When I die in some manner of an action movie-esque fight scene (I’m hoping for a sick karate fight) and the story of my life is a footnote in some film student’s thesis about sick karate fights, I would like them to note that I took not one, but two opportunities to write about the Japanese animated television show, “Kill la Kill,” for an otherwise professional institution. These are resources created for the expressed purpose of creating an excellent paper, and I’m using it to talk about how Zoolander meets Sailor Moon.
Anyway, I’m going to assume you’ve read my review of the show’s first half because there won’t be much in the way of recap here. Short version: clothes exist because of alien fibers, the main villain is basically Anime Lady Mugatu and people get basically naked before punching each other through walls.
There are many times in my “Kill la Kill” mid-season review where I expressed both anticipation for the show’s concluding episodes and concern over the possible exploitation of female characters. I’ll be continuing both threads here, so if you’re just looking for a quick recommendation, I’m sorry to disappoint. I love the show but there’s a good chance you’ll hate it.
In my mid-season review, I said that your interpretation of the skimpy outfits comes down to how much faith you put in this production, but my stance has somewhat changed. Personally, I think “Kill la Kill” is about body positivity (inasmuch as a show that only exists because “fashion” and “facisim” sound the same in Japanese can be really “about” anything) but that fan service still exists.

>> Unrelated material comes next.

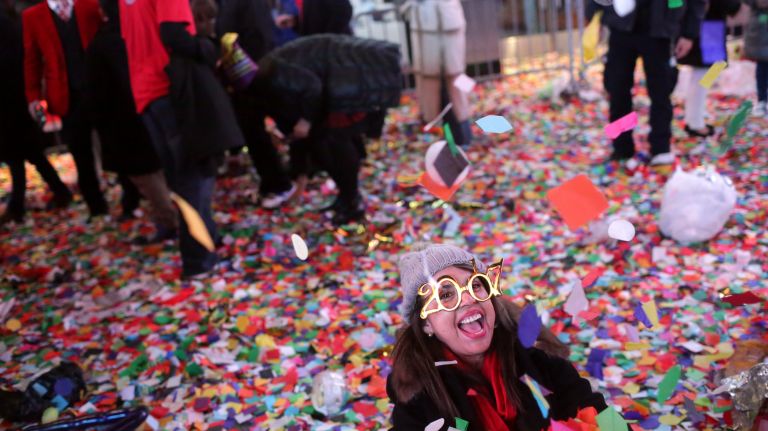 New Year's Eve Times Square ball drop: See photos 28 A woman rolls around in confetti in Times Square just after midnight on Sunday, Jan. 01, 2017.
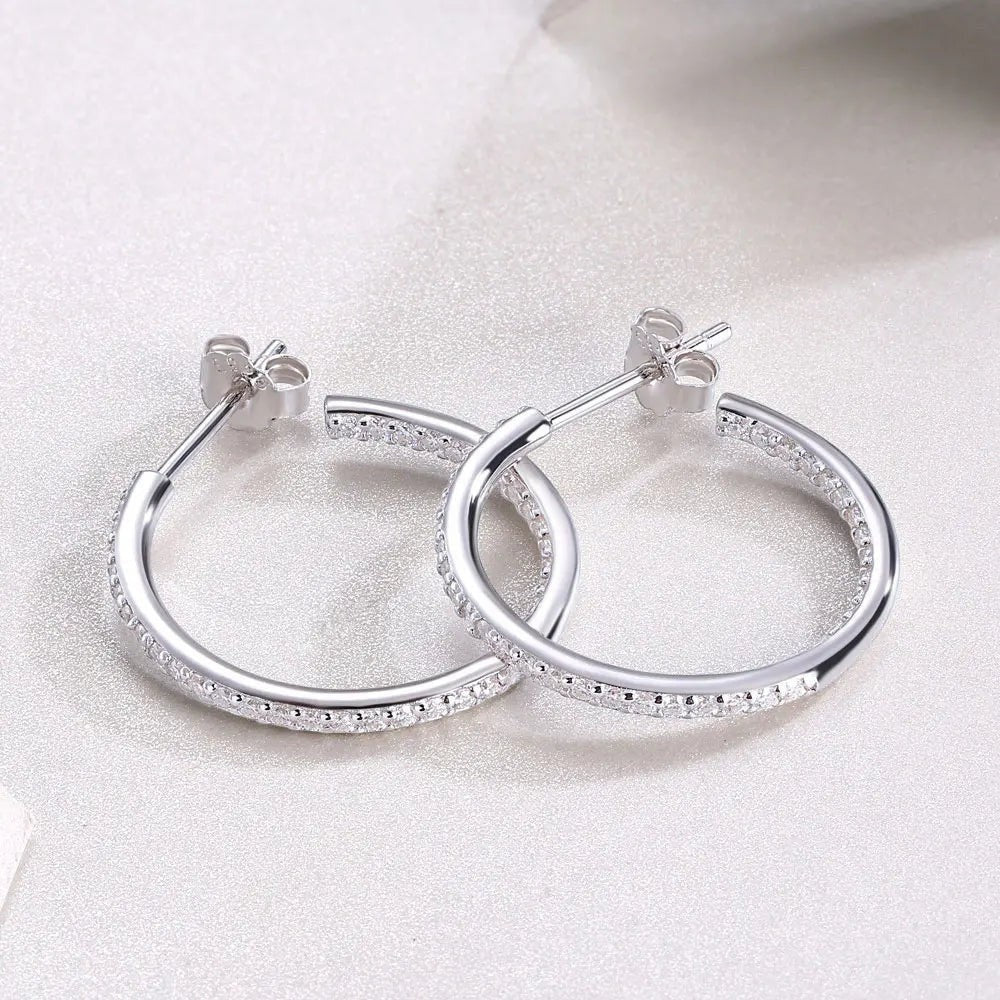 Bee-Bees dainty 1.5mm D color moissanite hoop earrings in sterling silver with white gold plating and secure click-to-lock closure.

Intention and context are definitely important, but the cheesecake is still there. You can argue there’s some underlying thematic context and hey, maybe you’re right. But women in this show barely wear clothes. In fairness, “Kill la Kill” may be one of the few shows that (after Episode Three, as I said in my previous review) straddles the line between objectification and sexualization. Yes, the women have skimpy clothes, but they’re not usually objects for men to leer at within the reality of the show.
When protagonist Ryuko activates her sentient uniform’s latent powers, she goes from clothed to barely covered. But this transformation usually precedes a sick karate fight of some kind, so is “Kill la Kill” sexist or just a little too preoccupied with breasts? I don’t know, and I’m not the right person to answer that question. It is just something to think about.
In fairness, it’s a little difficult to consider big topics like objectification when the action and character beats are this spectacula. “Kill la Kill” spends each new installment one-upping itself, leaving viewers drooling with anticipation for the next episode.
What makes “Kill la Kill” so effective is very simple: context. The world of Honnouji Academy is not a large one, so once the players and tools have been properly introduced, the show spends the rest of its time messing around with the stuff it already has.
New elements are certainly introduced, preventing the show from stagnating, but the new wrinkles have ties to characters or things we’ve already seen. “Kill la Kill” is more about shuffling the deck than adding new cards. It pushes the existing aspects to their logical extremes, having wrung every last drop when the show’s finale rolls around.
“Kill la Kill” has its problems, most of which I – as a man – am unequipped to properly tackle. But as a story – as a dumb, ridiculous, insane series of escalating fights attached to a story – it “gets” episodic storytelling in a way most shows don’t. “Kill la Kill” was created with an end in mind. It doesn’t have to worry about renewal. It doesn’t end on a cliffhanger. It is a full, episodic story.
And that’s sicker than a sick karate fight.